Now Spiral Jetty is back. Whether absent or present it has always been an anti-monument to Smithson's vision of the world as governed not by the certainties of reason but by the illogic of matter. 'No ideas, no concepts, no systems, no structures, no abstractions could hold themselves together in the actuality [of this site]', wrote Smithson. So if you presume that the return of the earthwork means that all is now crystal-clear, then you had better go and see for yourself how dislocating today's incarnation of Spiral Jetty actually is.
When first glimpsed, the work is still distant and dwarfed by the scale of its surroundings.

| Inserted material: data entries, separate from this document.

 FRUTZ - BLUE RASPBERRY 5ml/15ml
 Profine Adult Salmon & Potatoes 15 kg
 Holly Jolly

From this perspective the shape of Spiral Jetty barely holds together, its clustering of white rocks a far cry from the filled-out form that recent aerial photographs convey. Still, those images, along with the rumours of 'something wonderful' that accompany them, have worked their magic: droves of visitors are arriving, often without knowing the who-what-when-why of the work. 'Someone told me I had to go see this Spiral Eddy', reported one young woman, hopping out of her Volkswagen Jetta. One thing is clear: everyone wants to walk the jetty - families, college kids, travellers and locals all arrive by the carload to take their turn spiralling out into the Great Salt Lake, pausing along the way to exchange greetings and compare notes. Sculpture in the expanded field has certainly never had such a following. All this congeniality adds a new twist - friendly faces popping up in what initially looks like a lifeless place.

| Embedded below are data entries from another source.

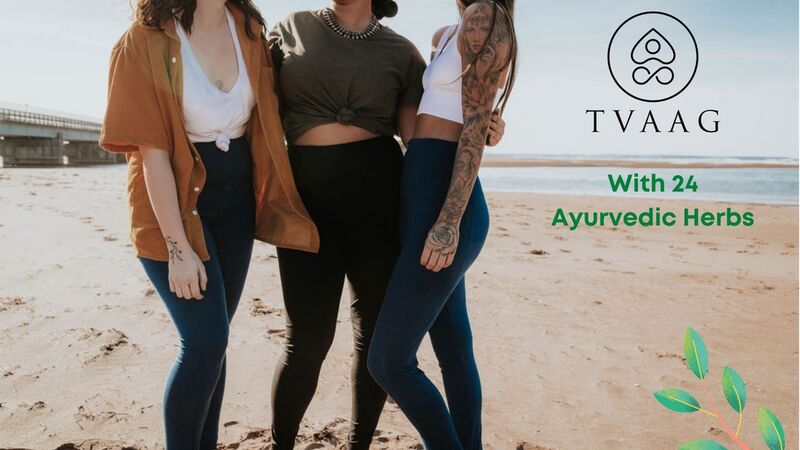Herb-Infused Activewear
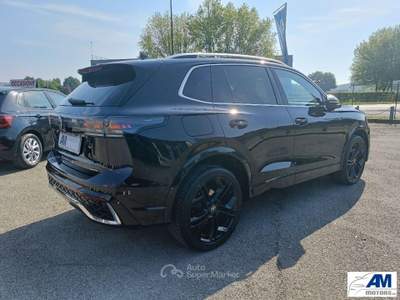 Volkswagen Tiguan 2.0 TDI 193 CV EVO DSG R-Line Nero usata Castelnovo di Sotto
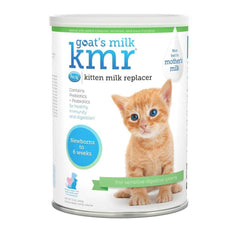 PetAg Goat’s Milk KMR Kitten Milk Replacer Powder 12oz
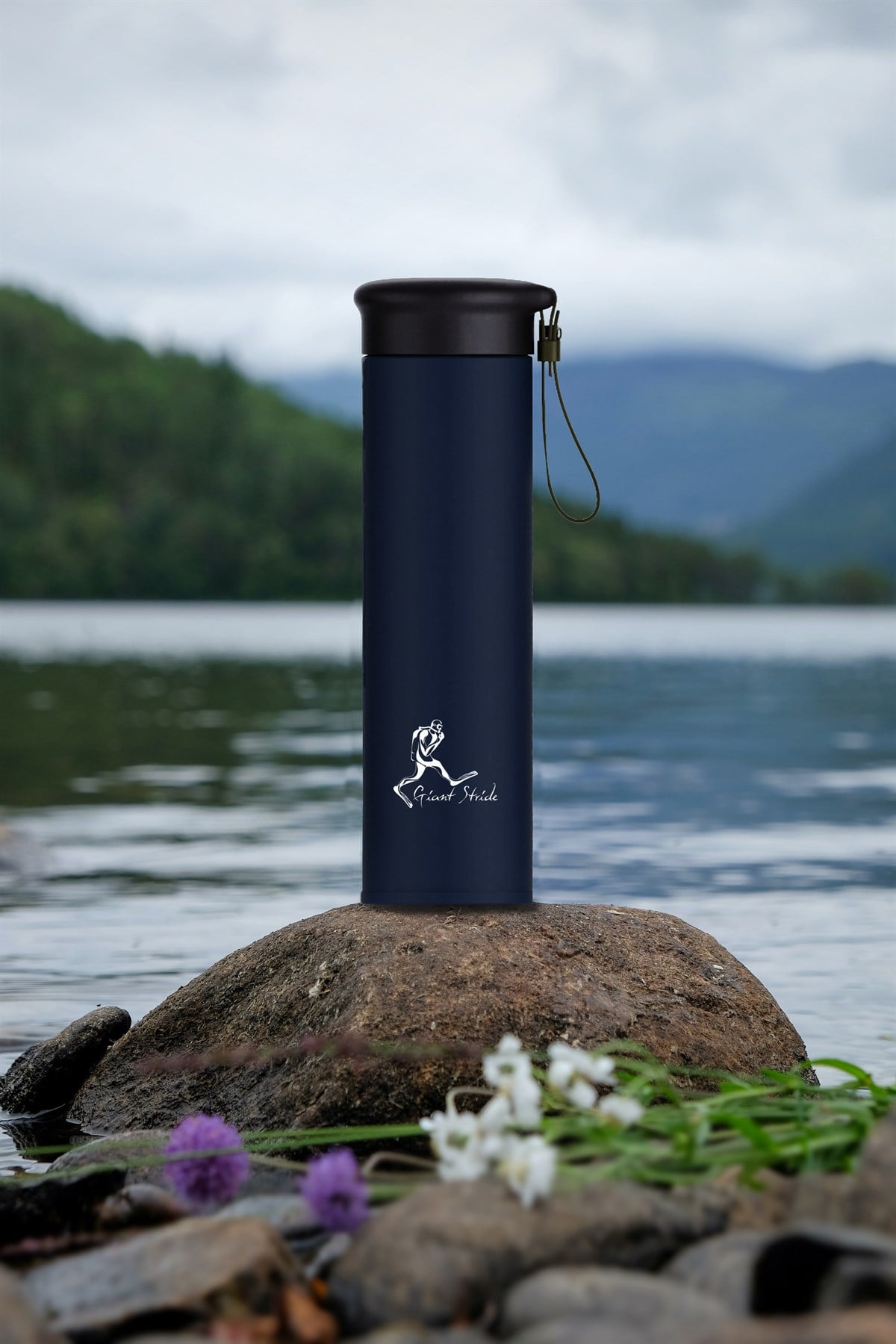 500 Ml Thermo Mug Navy
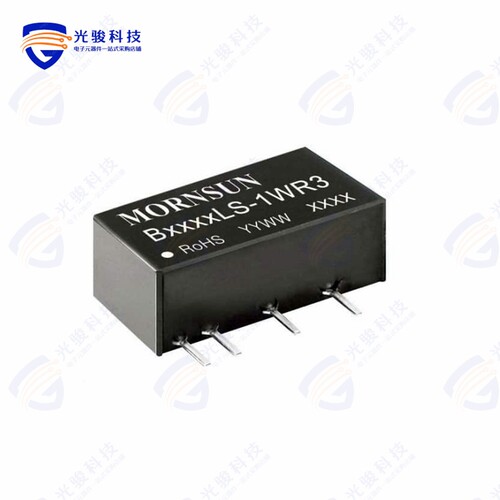 B0303LS-1WR3《DC DC CONVERTER 3.3V 1W》
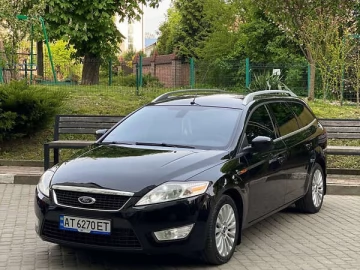 Авто Ford Mondeo 2010 № 7564188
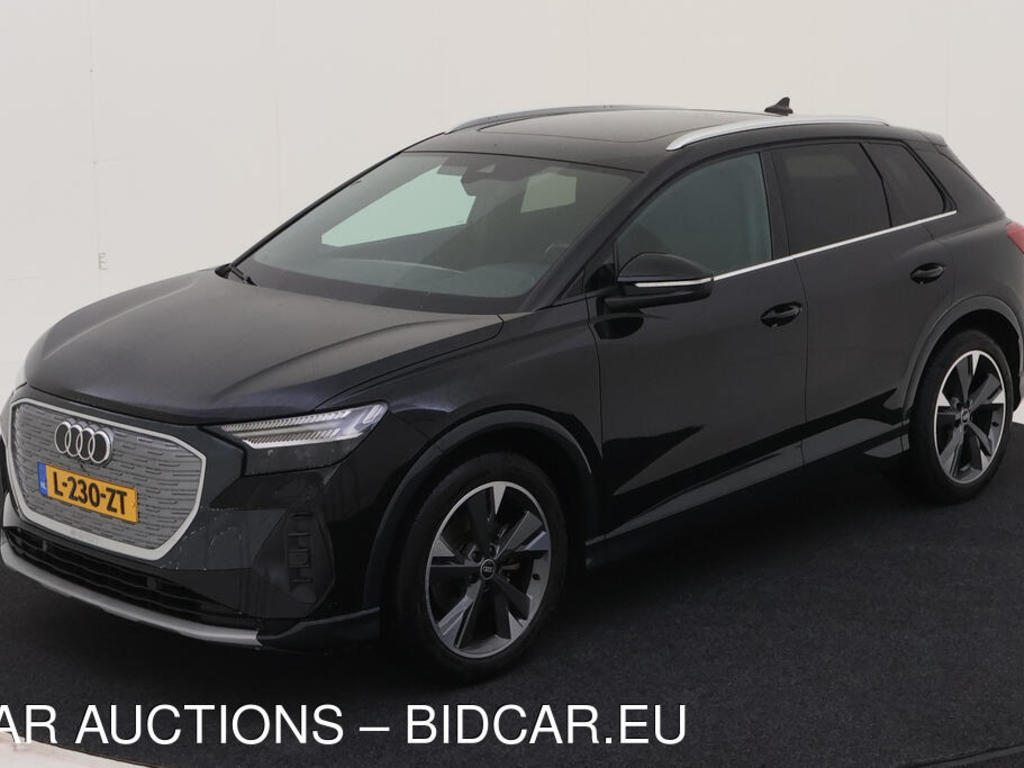 Audi Q4 e-tron 35 BEV 170PK 52KWH LAUNCH EDITION ADVANCED PLUS PANORAMA, 2021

Given Smithson's preoccupation with such dilapidated landscapes, one would never imagine that Spiral Jetty could be so pretty. Where once was mud and rock is now a brilliant white crust of salt. The reputedly 'red' lake has turned a silvery pink - a rather complicated colour: familiar, domestic and stereotypically feminine, yet born of an eerie, inhospitable saline world. This coupling amplifies the complex temporality of the work - the sense that the place is, to use Smithson's phrase, a 'ruin in reverse'. Spiral Jetty is renewed - awash in pink champagne. Yet the stillness of the barren landscape is of another time and place: the remote past of the Ice Age or a faraway future on the moon. All of these distant moods are mysteriously held together by millions upon millions of tiny salt crystals blanketing the landscape.

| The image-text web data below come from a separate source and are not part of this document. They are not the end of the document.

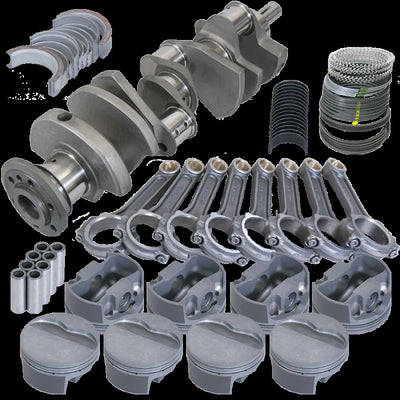 Eagle auto part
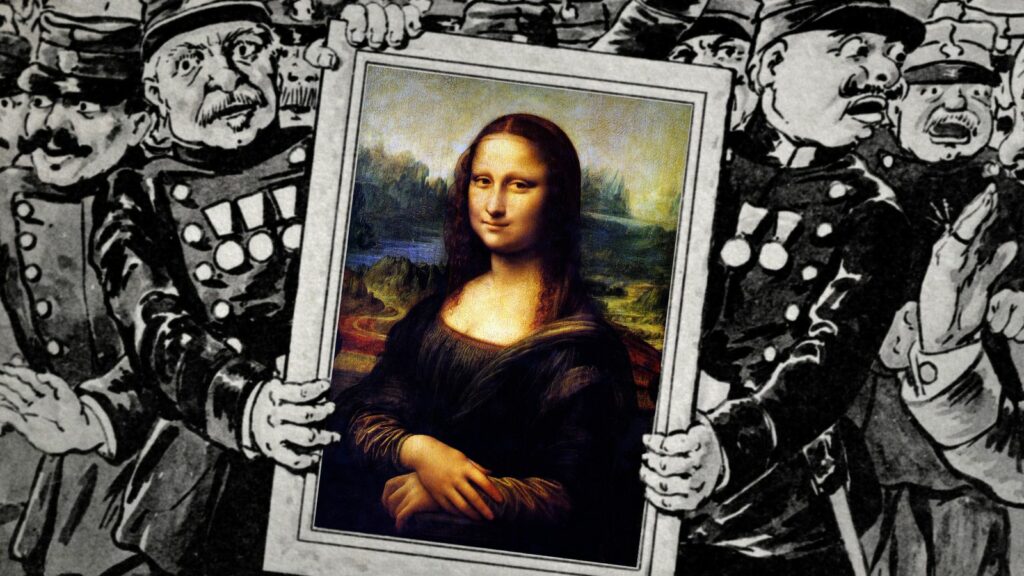 why is the mona lisa so famous
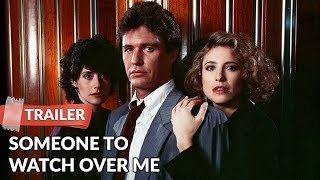 Someone to Watch Over Me (1987) Trailer | Tom Berenger | Mimi Rogers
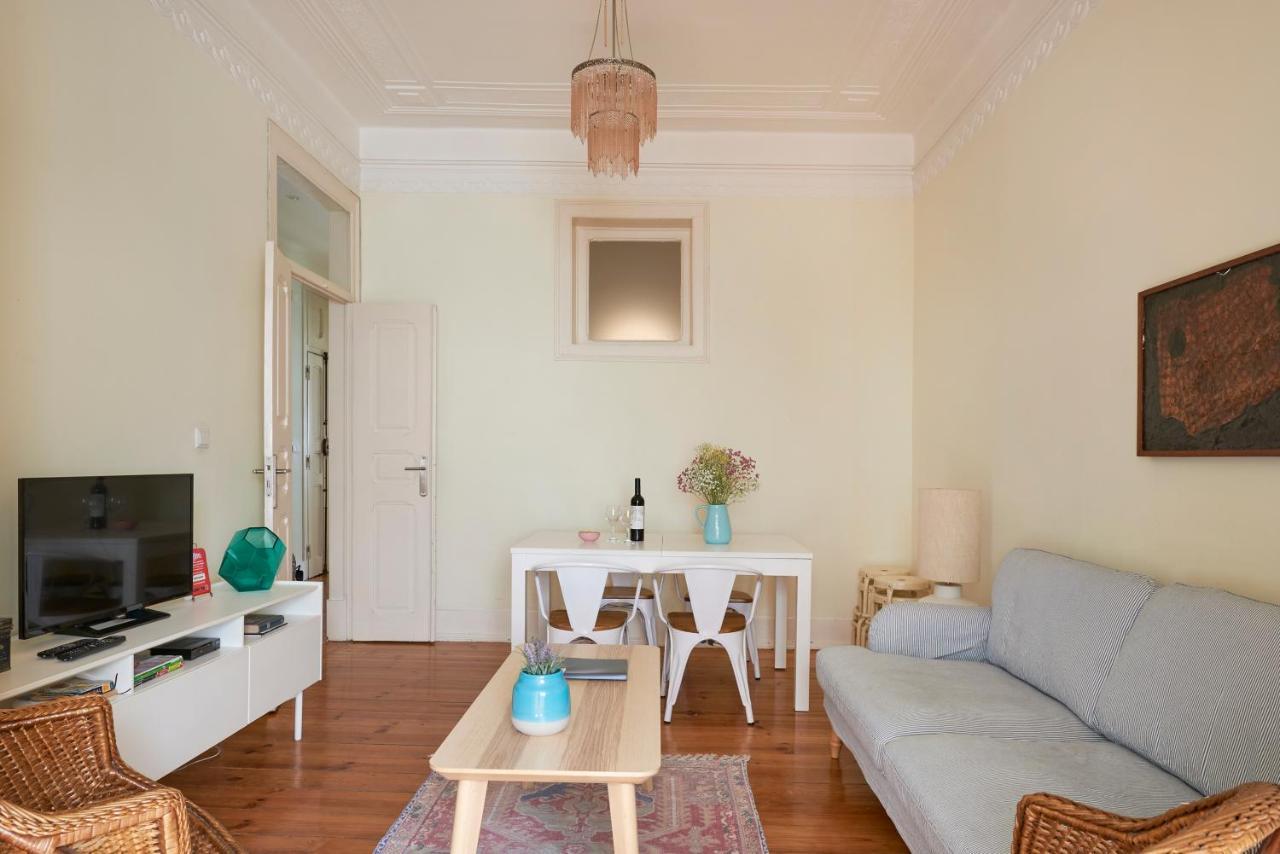 Renovated Spacious Baixa Apartment, By Timecooler Lisbon Exterior photo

The very essence of the work can be found in the logic of these crystalline colonies. Fracturing as it grows, the salt crystal mirrors in miniature the multiple perspectives that the site offers. The journey to the centre of the spiral, for example, is surprisingly long and destabilizing, and once you are knee-deep into Spiral Jetty, lived experience begins to make sense of Smithson's words: 'measurable steps [...] descend from logic [...] logical purity suddenly finds itself in a bog'. It is only when viewed from the ridge high above the lake, amid a scattered field of black rock and dry brush, late enough in the day for to fall under its own shadow, that the work resembles its original incarnation - preserved in the early photographs. From this vantage-point the colour of the lake deepens, the still-submerged ground of the work seems to rise to the surface and you can almost convince yourself that this Spiral Jetty is the one lodged in your imagination.